Auf der Suche nach lokalen Ressourcen und nachhaltigen Möglichkeiten, Produktionsmethoden neu zu gestalten und zu überdenken, stellt das »Bio Design Lab« der Hochschule für Gestaltung Karlsruhe verschiedene Formate vor, um praktische und nachhaltige Zukunftsvisionen zu diskutieren.

Voices of the Festival
What are the urgencies of our time?
Kurze Statements der Podiumsgäste und TeilnehmerInnen, die in sechs Sektionen, am Samstag und Sonntag, über die Dringlichkeiten unserer Zeit diskutierten.

Statement und Performance
Vivien Tauchmann, »Self-As-Other-Training: Smartphone (1)«

Vivien Tauchmann produzierte fünf »Self-As-Other-Trainings«, die während des gesamten Festivals gezeigt wurden. Die »Self-As-Other-Trainings« thematisieren die Notwendigkeit, unsere Körper durch die Dekontextualisierung dieser stillen Exklusionen und die aktive Verkörperung des »Anderen« in choreografierten Handlungssträngen zu erziehen, um eine kritische Selbstreflexion hervorzurufen und schließlich Verhaltensänderungen zu provozieren. Die Arbeit will zeigen, dass Empathie nicht nur eine rationale Fähigkeit ist, sondern auch ein verkörpert Geisteszustand, durch den wir unsere Verbindungen zu Menschen jenseits unseres bekannten Rahmens neu gestalten können.

Projektvorstellung
Hans Ulrich Obrist, »IT’S URGENT! Part II«

Die Idee für die Plakatserie »ITʼS URGENT Part II« war, neue, weniger vorhersehbare Situationen zu schaffen, die sich von klassischen Ausstellungen zugunsten anderer Formen der Darstellung und Sichtbarkeit abwenden und so neue Formen des Austauschs, der Begegnung und des sozialen Raums produzieren, die sich auch einem neuen Publikum öffnen. Es handelt sich um ein Ausstellungsmodell, das Hans Ulrich Obrist (mit Christian Boltanski und Bertrand Lavier) 1993 mit »do it« begonnen hat. Obrist präsentierte sein Projekt und stellte 62 Plakate von »ITʼS URGENT Part II« aus.

Filmsichtung
Melanie Bonajo, »TouchMETell«, 2019. HD-Videofilm, 25 min, mit freundlicher Genehmigung der Künstlerin und AKINCI (Dieser Beitrag wurde aus rechtlichen Gründen nicht aufgezeichnet.)

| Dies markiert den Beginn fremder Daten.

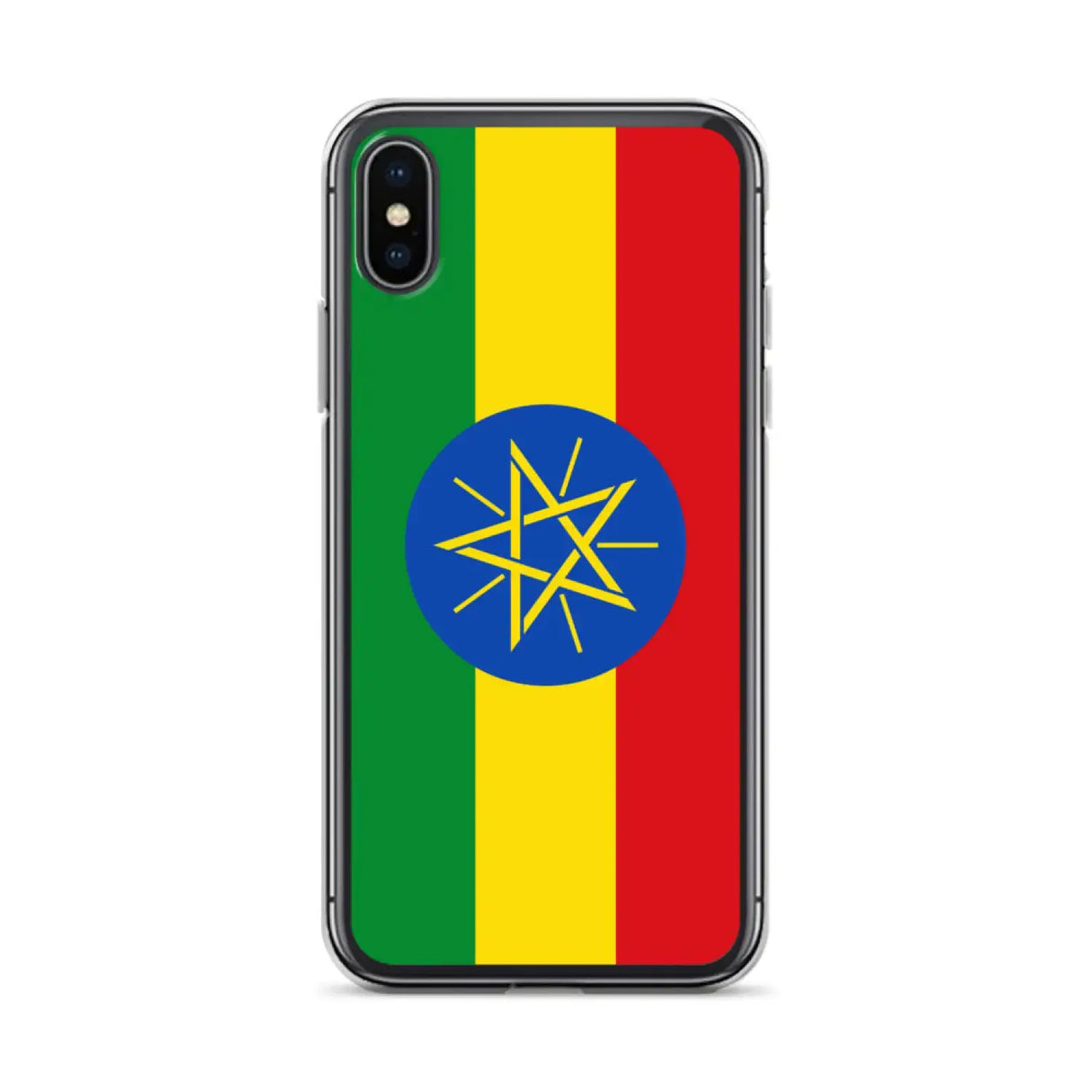 Coque iphone drapeau éthiopie souple résistante antichoc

Melanie Bonajo untersucht mit einer Gruppe von Kindern im Alter von sechs bis acht Jahren, wie sie ihren eigenen Körper und den Körperkontakt mit anderen erleben. Bonajo verwendet offene Interviewtechniken und kinästhetische Spielformen, die in einer weichen, pelzigen, kuscheligen und bunten Landschaft aus unterschiedlich geformten Objekten entstehen. Bonajo will damit eine Diskussion über Grenzen, Geschlechterrollen, körperliche Autonomie und Intimität und den Mangel an Körperkontakt im digitalen Zeitalter anstoßen.

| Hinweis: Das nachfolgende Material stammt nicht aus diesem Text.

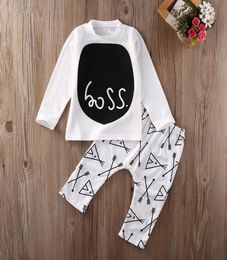 Baby Clothing Set Toddler Outfit Boutique Boys Clothing Set Infant Cotton Fall Autumn Costume Long Sleeve Boys Shirt Legging Pants5456588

Musik und Bild von Alba G. Corral & Tutu (Aus rechtlichen Gründen wurde dieser Beitrag nicht aufgezeichnet.)

 

Driving the Human Festival: Freitag Livestream

Driving the Human Festival
20.–22. November 2020

Organisiert und veranstaltet von ZKM | Zentrum für Kunst und Medien Karlsruhe und Staatliche Hochschule für Gestaltung Karlsruhe

Die »Driving the Human«-Kooperation ist von vier Institutionen initiiert und koordiniert: acatech – Deutsche Akademie der Technikwissenschaften, das internationale Mentoring-Programm Forecast, die Staatliche Hochschule für Gestaltung Karlsruhe und ZKM | Zentrum für Kunst und Medien Karlsruhe.

»Driving the Human« wird gefördert durch das Bundesministerium für Umwelt, Naturschutz und nukleare Sicherheit (BMU).